Even when staff are working from home, employers still have the responsibility to ensure a safe work environment under the Work Health and Safety Act 2011.
Regardless of the type of work you do, if you are an employee and you are working for a company or individual, they have a duty of care for your health and safety while you are working.
Safety and security should be on par with the company office
Employers have a duty to ensure the home workspace has the same safety provisions as if staff were working in the company office.
This includes security and fire safety. Home workers must have functioning smoke alarms, and a safe way to evacuate the premises.
Employers should also provide the same safe workplace equipment as in the company office, such as ergonomic chairs, work phones, computers, adequate computer monitors – everything to ensure the home workspace complies with health and safety requirements.
If an employee working from home sees clients at their home as part of the business, the employer needs to ensure they have the required level of public liability insurance.
Employees working from home should be covered by workers compensation insurance
If an employee is injured while working at home – or at any time during the course of their employment – the employer's workers' compensation insurance should cover that employee.
For instance, if the worker trips over cables, slips on the floor or tumbles down stairs in the home workspace during work time, then by law the employer should have them covered by insurance.
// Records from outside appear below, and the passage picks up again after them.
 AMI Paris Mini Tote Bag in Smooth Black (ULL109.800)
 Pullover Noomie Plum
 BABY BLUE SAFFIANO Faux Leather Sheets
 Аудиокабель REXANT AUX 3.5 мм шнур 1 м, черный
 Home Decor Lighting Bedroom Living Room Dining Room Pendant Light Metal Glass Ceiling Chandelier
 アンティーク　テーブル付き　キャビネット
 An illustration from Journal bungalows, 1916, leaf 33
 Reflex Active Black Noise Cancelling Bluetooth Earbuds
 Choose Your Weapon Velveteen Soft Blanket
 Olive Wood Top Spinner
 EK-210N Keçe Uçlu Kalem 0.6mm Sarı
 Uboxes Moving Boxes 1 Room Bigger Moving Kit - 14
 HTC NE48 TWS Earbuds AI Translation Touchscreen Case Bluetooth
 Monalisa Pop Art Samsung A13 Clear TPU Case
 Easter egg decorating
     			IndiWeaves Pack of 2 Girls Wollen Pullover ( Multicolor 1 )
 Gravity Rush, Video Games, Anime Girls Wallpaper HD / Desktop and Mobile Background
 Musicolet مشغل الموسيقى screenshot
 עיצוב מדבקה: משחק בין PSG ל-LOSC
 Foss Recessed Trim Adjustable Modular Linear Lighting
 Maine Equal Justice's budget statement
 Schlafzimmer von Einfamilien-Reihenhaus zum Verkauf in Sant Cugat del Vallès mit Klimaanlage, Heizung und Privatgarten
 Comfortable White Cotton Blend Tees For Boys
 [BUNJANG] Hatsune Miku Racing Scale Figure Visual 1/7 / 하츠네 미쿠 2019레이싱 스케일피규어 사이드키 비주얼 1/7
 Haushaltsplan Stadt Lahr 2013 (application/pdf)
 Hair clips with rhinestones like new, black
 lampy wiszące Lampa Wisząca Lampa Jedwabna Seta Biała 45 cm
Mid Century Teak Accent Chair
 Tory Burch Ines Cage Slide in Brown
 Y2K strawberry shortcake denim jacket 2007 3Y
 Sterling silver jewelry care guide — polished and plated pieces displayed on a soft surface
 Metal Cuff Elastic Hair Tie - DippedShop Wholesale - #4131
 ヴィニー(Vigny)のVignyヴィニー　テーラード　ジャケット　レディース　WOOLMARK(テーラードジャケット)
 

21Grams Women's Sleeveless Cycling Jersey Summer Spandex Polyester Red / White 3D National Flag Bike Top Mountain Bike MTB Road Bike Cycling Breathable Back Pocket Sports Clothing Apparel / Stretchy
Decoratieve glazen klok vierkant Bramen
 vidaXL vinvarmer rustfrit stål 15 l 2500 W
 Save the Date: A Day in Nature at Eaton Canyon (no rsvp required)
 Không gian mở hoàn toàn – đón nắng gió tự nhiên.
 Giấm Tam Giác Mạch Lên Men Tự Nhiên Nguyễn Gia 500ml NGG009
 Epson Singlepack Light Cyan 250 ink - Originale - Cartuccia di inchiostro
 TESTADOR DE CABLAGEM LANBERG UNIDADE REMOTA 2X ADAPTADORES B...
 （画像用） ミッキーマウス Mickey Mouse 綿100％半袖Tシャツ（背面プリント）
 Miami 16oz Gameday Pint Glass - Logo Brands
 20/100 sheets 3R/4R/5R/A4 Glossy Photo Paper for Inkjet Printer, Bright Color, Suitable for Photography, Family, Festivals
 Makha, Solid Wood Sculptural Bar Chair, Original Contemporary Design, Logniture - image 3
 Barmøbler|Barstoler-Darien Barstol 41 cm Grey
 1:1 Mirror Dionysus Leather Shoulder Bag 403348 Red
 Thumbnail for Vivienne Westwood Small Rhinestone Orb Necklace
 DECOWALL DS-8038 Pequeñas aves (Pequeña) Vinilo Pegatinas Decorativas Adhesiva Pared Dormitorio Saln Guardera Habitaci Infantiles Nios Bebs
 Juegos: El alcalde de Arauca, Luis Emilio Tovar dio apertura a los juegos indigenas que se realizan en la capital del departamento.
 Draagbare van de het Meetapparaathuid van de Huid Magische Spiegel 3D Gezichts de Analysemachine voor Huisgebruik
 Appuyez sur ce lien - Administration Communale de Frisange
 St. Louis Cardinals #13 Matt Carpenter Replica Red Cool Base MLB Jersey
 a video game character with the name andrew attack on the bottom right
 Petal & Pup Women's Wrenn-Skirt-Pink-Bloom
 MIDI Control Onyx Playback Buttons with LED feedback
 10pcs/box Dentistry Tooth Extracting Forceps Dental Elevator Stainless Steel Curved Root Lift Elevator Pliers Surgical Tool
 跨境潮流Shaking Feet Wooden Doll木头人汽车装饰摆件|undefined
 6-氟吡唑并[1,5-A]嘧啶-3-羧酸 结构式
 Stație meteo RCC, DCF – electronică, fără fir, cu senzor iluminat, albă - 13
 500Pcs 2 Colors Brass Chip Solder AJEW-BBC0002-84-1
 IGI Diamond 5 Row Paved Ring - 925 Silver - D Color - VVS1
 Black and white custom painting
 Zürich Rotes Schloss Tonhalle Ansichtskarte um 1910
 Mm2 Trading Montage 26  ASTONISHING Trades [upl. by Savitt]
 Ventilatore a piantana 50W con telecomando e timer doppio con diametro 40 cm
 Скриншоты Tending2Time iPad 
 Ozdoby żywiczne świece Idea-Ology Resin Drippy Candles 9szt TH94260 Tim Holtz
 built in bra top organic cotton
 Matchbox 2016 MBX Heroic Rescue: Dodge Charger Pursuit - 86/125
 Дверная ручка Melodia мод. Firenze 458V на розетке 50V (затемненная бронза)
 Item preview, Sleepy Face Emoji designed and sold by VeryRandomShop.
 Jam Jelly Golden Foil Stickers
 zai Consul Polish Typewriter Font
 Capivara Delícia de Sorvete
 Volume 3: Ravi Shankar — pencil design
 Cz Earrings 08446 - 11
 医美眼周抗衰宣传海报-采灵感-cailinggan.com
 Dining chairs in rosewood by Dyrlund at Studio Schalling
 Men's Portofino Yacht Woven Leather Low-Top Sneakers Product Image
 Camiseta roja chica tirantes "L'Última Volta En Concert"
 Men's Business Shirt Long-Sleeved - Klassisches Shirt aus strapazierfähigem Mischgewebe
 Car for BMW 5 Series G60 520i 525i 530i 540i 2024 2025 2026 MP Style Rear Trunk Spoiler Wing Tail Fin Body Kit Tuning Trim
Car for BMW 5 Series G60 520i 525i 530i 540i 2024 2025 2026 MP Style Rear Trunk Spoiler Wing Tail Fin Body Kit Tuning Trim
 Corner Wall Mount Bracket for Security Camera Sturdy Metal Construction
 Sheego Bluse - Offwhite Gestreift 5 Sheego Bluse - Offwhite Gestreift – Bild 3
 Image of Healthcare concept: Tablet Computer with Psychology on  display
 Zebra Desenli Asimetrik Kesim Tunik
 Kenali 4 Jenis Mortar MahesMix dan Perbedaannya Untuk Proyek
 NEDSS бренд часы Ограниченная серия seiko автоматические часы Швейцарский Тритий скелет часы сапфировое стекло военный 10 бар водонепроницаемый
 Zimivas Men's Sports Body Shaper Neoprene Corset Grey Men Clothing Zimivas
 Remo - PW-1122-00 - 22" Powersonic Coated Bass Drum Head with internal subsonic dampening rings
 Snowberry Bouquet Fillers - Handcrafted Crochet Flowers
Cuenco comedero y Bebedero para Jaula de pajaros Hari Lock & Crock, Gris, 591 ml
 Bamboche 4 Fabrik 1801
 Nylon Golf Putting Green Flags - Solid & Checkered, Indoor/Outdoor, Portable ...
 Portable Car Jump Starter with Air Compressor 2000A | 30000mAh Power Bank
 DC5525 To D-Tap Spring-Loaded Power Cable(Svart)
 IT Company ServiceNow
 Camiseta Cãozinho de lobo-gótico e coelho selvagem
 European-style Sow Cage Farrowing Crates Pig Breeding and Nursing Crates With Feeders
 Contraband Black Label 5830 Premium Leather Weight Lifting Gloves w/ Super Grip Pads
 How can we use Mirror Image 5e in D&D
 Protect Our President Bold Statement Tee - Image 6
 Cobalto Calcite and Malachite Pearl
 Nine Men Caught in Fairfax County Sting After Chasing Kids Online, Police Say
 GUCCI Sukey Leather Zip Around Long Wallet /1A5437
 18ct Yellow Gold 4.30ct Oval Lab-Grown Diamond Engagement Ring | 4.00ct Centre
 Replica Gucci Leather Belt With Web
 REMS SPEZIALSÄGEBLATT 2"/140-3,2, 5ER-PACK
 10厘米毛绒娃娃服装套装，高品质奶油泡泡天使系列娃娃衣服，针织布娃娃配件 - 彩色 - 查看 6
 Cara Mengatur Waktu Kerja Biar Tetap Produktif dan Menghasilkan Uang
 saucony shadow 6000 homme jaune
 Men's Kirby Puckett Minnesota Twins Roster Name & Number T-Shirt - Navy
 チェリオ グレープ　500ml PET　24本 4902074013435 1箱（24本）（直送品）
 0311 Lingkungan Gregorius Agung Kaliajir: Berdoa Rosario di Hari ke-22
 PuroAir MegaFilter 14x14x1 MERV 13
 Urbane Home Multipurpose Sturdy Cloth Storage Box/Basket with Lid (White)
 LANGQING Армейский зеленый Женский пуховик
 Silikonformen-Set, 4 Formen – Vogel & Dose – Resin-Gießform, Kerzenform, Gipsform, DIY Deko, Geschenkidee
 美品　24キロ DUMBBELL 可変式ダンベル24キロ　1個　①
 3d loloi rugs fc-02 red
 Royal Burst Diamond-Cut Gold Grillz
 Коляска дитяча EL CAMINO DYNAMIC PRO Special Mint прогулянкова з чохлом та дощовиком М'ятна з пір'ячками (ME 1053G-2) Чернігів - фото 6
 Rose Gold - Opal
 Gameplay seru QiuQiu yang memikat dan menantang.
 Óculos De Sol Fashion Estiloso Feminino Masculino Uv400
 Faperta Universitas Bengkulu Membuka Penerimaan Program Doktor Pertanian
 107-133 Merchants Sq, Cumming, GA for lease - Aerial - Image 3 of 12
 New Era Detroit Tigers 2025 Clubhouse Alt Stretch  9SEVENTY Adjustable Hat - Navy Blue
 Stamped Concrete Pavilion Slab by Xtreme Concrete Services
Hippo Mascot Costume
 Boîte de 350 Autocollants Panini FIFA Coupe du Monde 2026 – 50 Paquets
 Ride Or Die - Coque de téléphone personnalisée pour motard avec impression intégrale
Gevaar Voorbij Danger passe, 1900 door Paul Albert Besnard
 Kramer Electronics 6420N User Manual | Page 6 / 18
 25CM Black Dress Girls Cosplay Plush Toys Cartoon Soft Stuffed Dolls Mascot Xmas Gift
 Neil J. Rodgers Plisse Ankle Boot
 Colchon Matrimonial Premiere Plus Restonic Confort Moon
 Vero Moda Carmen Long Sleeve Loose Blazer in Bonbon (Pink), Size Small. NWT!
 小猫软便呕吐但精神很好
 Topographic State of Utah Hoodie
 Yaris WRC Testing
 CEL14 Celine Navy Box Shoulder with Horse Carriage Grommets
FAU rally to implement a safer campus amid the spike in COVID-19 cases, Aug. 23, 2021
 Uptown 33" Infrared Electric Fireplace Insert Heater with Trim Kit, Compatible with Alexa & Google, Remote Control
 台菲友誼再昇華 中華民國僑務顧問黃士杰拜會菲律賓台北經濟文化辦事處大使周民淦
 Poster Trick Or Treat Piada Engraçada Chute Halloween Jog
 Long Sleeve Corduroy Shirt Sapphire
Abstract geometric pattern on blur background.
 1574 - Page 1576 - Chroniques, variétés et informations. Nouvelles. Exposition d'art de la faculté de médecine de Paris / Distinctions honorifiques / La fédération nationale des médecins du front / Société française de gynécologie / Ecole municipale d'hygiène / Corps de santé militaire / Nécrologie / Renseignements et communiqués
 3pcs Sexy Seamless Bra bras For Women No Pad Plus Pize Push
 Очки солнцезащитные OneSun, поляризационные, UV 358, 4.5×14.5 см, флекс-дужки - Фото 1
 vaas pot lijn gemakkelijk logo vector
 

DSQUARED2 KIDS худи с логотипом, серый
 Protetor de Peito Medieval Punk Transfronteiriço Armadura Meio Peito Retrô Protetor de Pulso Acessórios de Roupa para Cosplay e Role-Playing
Employers could be liable even if an employee has an accident making coffee in their own kitchen during work time.
Develop a home workplace safety checklist
During the current health crisis when many employers are suddenly telling workers to carry out their tasks at home – mostly on computer or phone – it would be best to develop a checklist for employees to verify that their home workspace complies with health and safety standards.
With self-isolation it is impossible to check employees' homes physically to ensure they comply, so it would be wise for employers to get legal advice on how best to formulate a home workplace safety checklist.
If employers can demonstrate they have such a policy and checklist, and have trained or instructed employees on safe home workplace requirements, this should serve to protect the employer if an employee has an accident while working from home.
Employers could demonstrate safe workplace requirements via Skype or Facetime and use this opportunity to do a visual inspection of the home workspace, pointing out potential problems.
Employees ordered to work from home where there are safety problems – including domestic violence – should consult a workplace lawyer, as they may have a right to claim compensation.
The content of this article is intended to provide a general guide to the subject matter. Specialist advice should be sought about your specific circumstances.